Thursday, October 06, 2005

Lunch... How About 2025?

The older I get the more strange it appears to me that so much of my expectations of life were created through ignorance in my youth. I set these unrealistic expected levels of accomplishment at a time when I had neither the experience nor understanding to make such goals... but I live the rest of my life bemoaning the fact as to whether I've lived up to them or not.

Since we change so much in our childhood, every year is monumental. There's a huge difference between eight and 10. When I'm 13 I can see PG-13 movies. When I'm 15 I can get a drivers permit. When I'm 16 I can drive by myself. When I'm 17 I can see R rated movies. When I'm 18 I can vote. When I'm 19 I'm in college. When I'm 21 I can drink and I graduate college. When I'm 22 I'll have a real job. When I'm 25 I'll get married. When I'm 30 I'll have kids... each of these steps, each of these years offer HUGE changes in our lives.

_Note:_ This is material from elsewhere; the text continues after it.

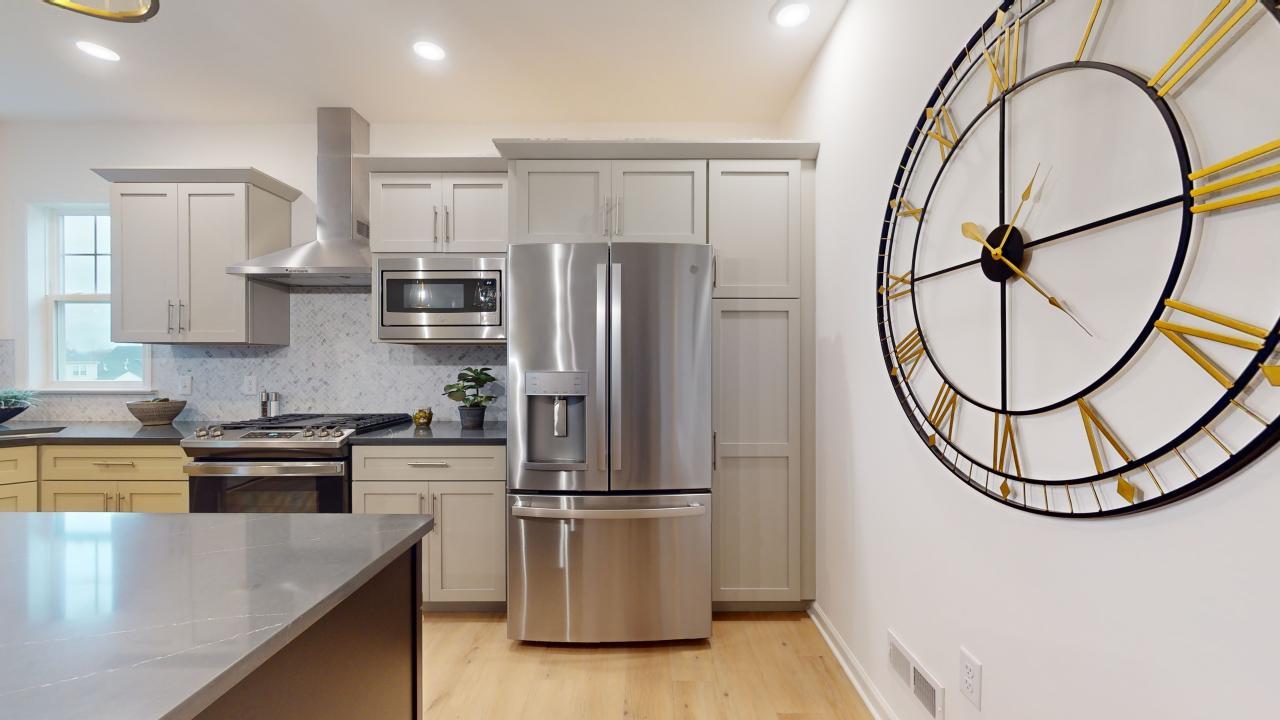 Coriander Entertainer Kitchen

But then, the accomplishments just kinda stop. Once you have kids, it all changes. Life becomes pretty stagnate for you on a personal level. You go to the same basic job everyday, see the same people... you don't really go anywhere or do anything for yourself... only for the kids... baseball games, soccer practice, piano lessons, recitals, etc. Maybe a vacation thrown in there here and then.

It's so odd because I've found my wife and I just blocking off 10 years of our lives without a second thought. Before, every year meant something grand and different. The possibilities were endless. Now, it's like "when the kids graduate high school we can..."

When the kids graduate high school? That'll be almost 10 years from now. We've just wiped a decade out of our lives... put everything basically on hold for 10 years! And that's assuming all goes well, that our kids move out and attend college, don't move back home, get jobs, get married and have their own kids. If any one of those steps goes awry, you can add another five to 10 years to our estimate.

So, 20 years from now, Dea and I have MAJOR plans for ourselves. Until then, we'll pretty much do the same thing everyday.

Wow, that sounds depressing...

1 comment:

Cricket said...

And with all that hustle and bustle (What is a bustle?..M-W says "to be busily astir"...that clears it up!)we parents really have only one critical goal to achieve, accomplishment to check off. That we raised a soul to know, love and worship God. ALL else is secondary.